Supplied data ::
○ ○ ○ ○
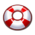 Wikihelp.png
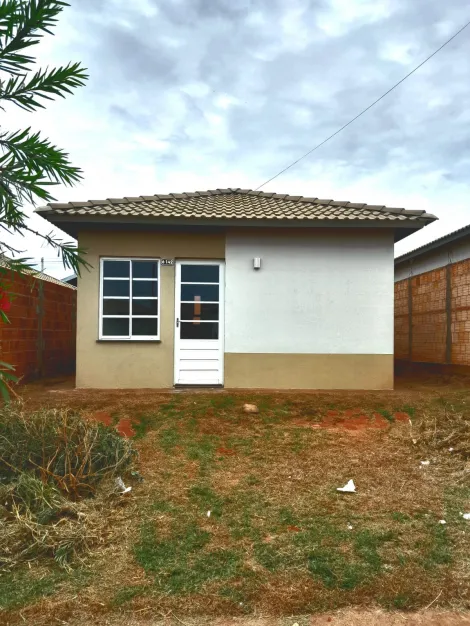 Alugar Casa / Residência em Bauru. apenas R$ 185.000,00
○ ○ ○ ○
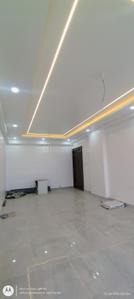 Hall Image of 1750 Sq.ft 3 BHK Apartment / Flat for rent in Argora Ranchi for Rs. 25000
○ ○ ○ ○
Exercise ::
Range to copy from the records above: the line containing "Wikihelp.png" to the line containing "Alugar Casa /", both included. Output those lines exactly and only those, skipping pictures.

Output ::
 Wikihelp.png
 Alugar Casa / Residência em Bauru. apenas R$ 185.000,00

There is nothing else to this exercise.